## Exercise goal
Your answer is to be the exact text of the lines from the one containing "2025 Porsche Macan" through the final line of the entries, restated in full, with pictures omitted.

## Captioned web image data
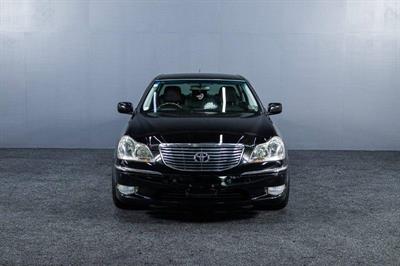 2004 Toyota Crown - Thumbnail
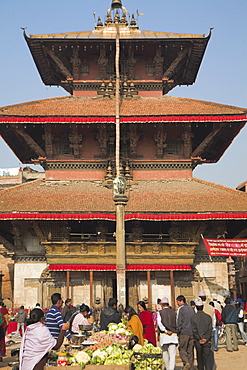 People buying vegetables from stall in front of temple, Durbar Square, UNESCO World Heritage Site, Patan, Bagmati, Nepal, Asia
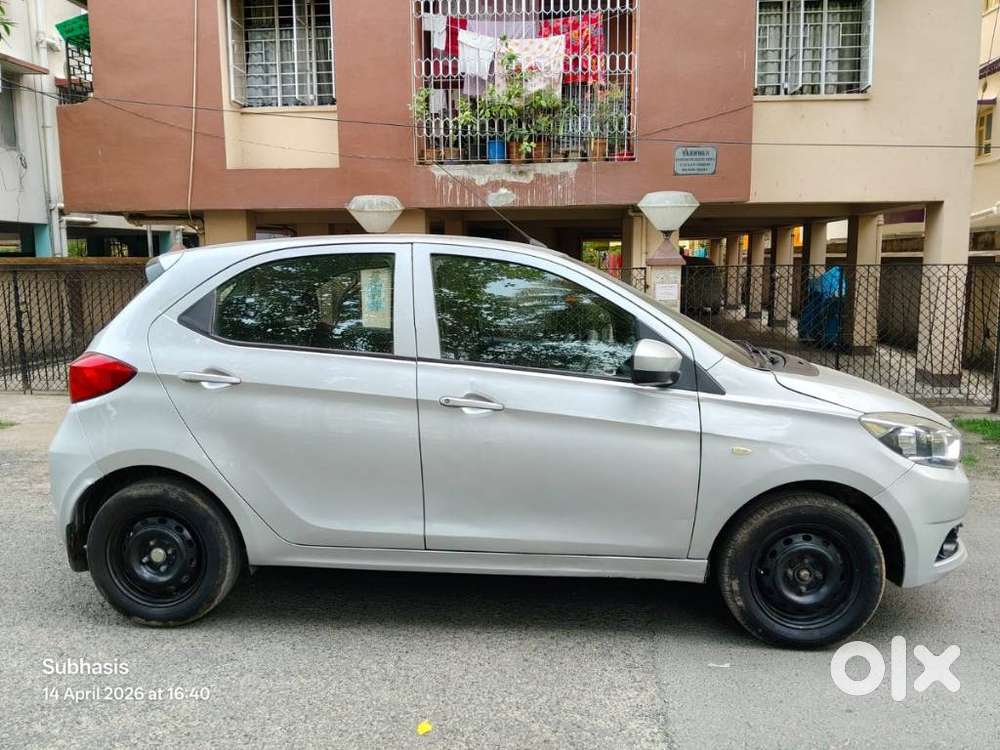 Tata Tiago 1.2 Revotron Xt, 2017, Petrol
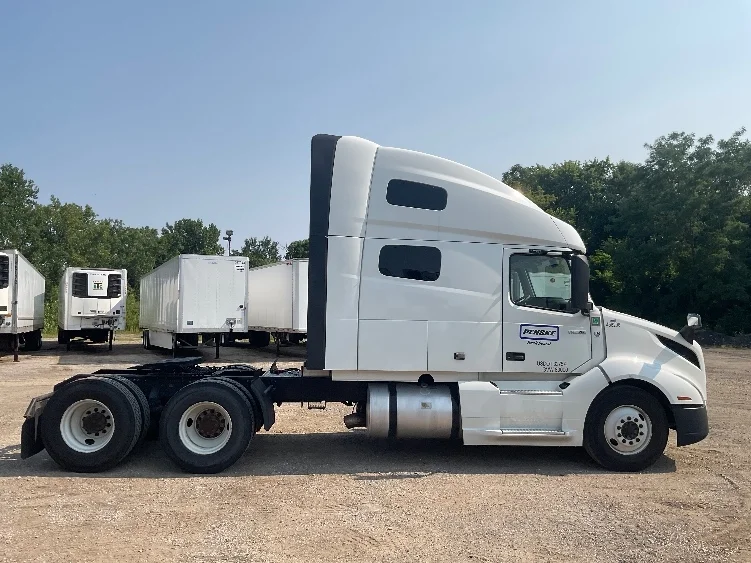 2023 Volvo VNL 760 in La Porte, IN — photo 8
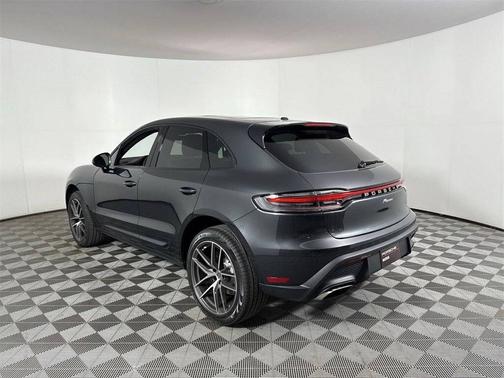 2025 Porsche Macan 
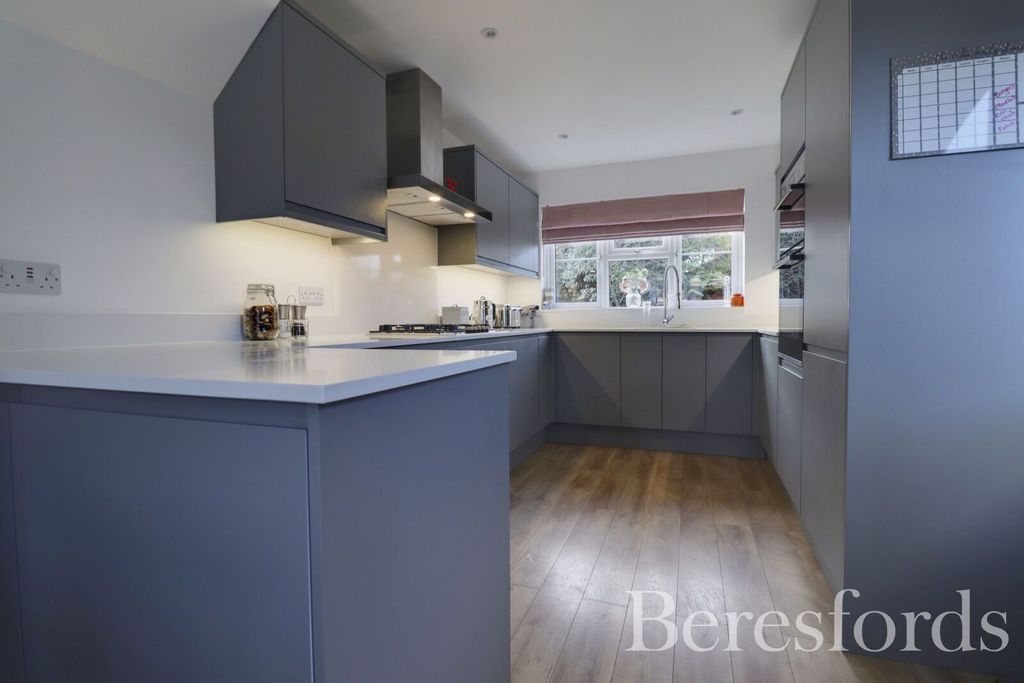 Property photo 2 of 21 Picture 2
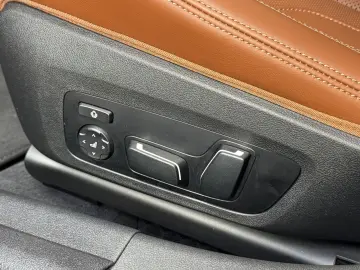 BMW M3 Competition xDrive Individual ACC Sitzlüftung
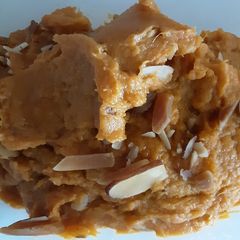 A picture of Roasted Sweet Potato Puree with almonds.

## Result below
 2025 Porsche Macan 
 Property photo 2 of 21 Picture 2
 BMW M3 Competition xDrive Individual ACC Sitzlüftung
 A picture of Roasted Sweet Potato Puree with almonds.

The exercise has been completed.